Córdoba Monumental

Haunting Andalusian music…. spectacular models…Muslim philosophers such as Averroes, Jewish scholars such as Maimónides, Christian monarchs such as Alfonso X of Castile usher us into the Al-Andalus Museum – a chronological tribute to all three cultures. Situated in the well-known Calahorra Tower, this place serves as an introduction to learn a little more about the voices of knowledge linked to three very different religions and societies whose legacy shapes the personality of present day Cordoba. The fragrance given off by the Patio of Oranges leads us to one of Andalusía’s most striking images. The mezquita or Mosque opens its doors to leave those who enter open-mouthed. Work began on the structure in 785 but the building itself has been transformed over the course of the centuries. It features 856 columns in Roman, Greek and Visigoth styles. In a space that occupies some 24,000 m2. Another marvel to behold are the inscriptions in gold from the Koran and the beautiful Byzantine mosaics. It took a total of four years to painstakingly place each element piece by piece in each one of these masterpieces. Today, the mosque has been converted into a cathedral. This building was admired by many - including Alfonso X of Castile. When he saw the mosque in 1260, he requested that his corpse should be laid to rest at this place of truly outstanding beauty. Just a few metres away are the gardens of the Palace of the Christian Kings, ancient allotments where vegetables were grown to feed the soldiers who lived nearby. Here stood an ancient fortress, the headquarters of the Holy Inquisition, the royal residence of the Catholic Kings and even at one point, a prison. Today we can still make out a few inscriptions of the prisoners who were once locked up here. Part of the Alcázar, are the Califales Baths, proof of the grand wealth of the Umayyad Caliphate, of which Cordoba was the capital of Al Andalus. This was a meeting place and an area to relax and unwind reserved exclusively for the caliph and his high level guests. The rest of the mortals were able to attend one of the 600 public baths dotted around the city.

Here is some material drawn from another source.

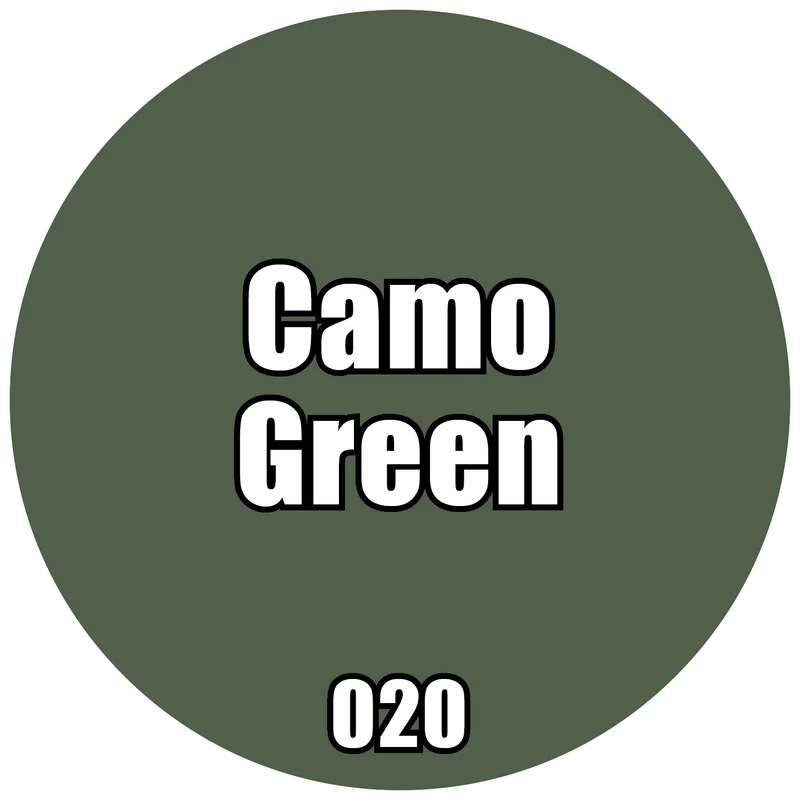 Pro Acryl : 020 - Vert camouflage 22 ml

Five kilometres from central Córdoba on the slopes of the Sierra Morena we find the Medina Azahara – an authentic palace city founded by Abd ar-Rahman III in the year 940 as a demonstration of his power. This housed the sovereign residence, his court and administrative department. The Salon Rico reception hall is particularly breathtaking – we can imagine how it looked back at the time with its marble arches, jasper veined marbled, gold and precious stones. This unmissable visit would not be complete without a stop off at the museum. Here we can see how the silver coins were numerically divided – the smallest coin would have been used to purchase the daily shopping. Constructed in mudéjar style, Córdoba’s Synagogue, is evidence of the Hebrew presence in the city. Just a few metres away was the souk and here we can see how the craftsmen of the day went about their labours. Art which centuries later, still remains intact. Small and cosy is how you could describe the Saint Bartólome Chapel, one of the finest examples of mudéjar architecture you could wish to see. Our journey ends with one of the favourite experiences of inhabitants of the city over the centuries. A soothing soak in the hammam steam baths. A place to completely relax and recall all the marvels of this city and its rich and diverse cultures.